Terkikisnya Keadilan Akademik

  • Bagikan
Dr Iqbal Mochtar (Pengurus PB IDI dan Ketua Forum Dokter Peduli Ketahanan Kesehatan Bangsa)

Mestinya pemerintah dan institusi terkait mendengar pendapat dan masukan mereka. Dijadikan bahan pertimbangan alternatif dan bila perlu diakomodasi. Pokok-pokok pikiran mereka bebas dari kepentingan tip proyek, dagang alat kesehatan atas bisnis farmasi. Mereka bukan kaum pragmatis, juga bukan blind loyalist. Mereka berkata apa adanya; bila benar dikatakan benar dan salah dikatakan salah. Integritas keilmiahannya tidak diragukan. Mestinya ketika mereka memiliki pandangan berbeda, mereka diajak diskusi atau debat secara ilmiah. Diberi kesempatan berargumen secara bertanggungjawab. Bukan dicopot secara arogan karena kepentingan junjungan. Perguruan tinggi bukan dunia mafia.
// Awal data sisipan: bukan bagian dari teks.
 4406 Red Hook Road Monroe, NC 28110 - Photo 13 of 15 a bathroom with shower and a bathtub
Rektor sejatinya paham bahwa perguruan tinggi menjunjung tinggi prinsip kebebasan akademik (academic freedom). Ini mencakup kebebasan mengajar, belajar, meneliti, dan mengemukakan pendapat tanpa takut represi atau sanksi.

Juga kebebasan berpendapat (freedom of speech). Perguruan tinggi harus menjadi tempat dimana berbagai pandangan dapat diungkapkan dan didiskusikan secara terbuka. Tempat menguji perbedaan pendapat.
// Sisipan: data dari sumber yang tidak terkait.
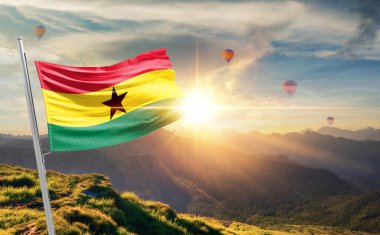 Gana sıcak hava balonlarıyla gün batımında bayrak sallıyor.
Juga tidak kalah penting adalah prinsip penghargaan terhadap perbedaan pendapat (respect for diverse opinions). Perguruan tinggi harus menghargai dan mengapresiasi perbedaan pendapat. Ini termasuk menciptakan lingkungan inklusif di mana setiap individu merasa dihargai dan diterima, terlepas dari latar belakang atau pandangan mereka.

Sebagai pemimpin kampus, rektor mestinya hapal mati prinsip ini. Dan mengimplementasikannya secara imparsial. Jangan justru melabrak prinsip ini. Jangan mengikis keadilan akademik dengan arogansi. Itu namanya cemen.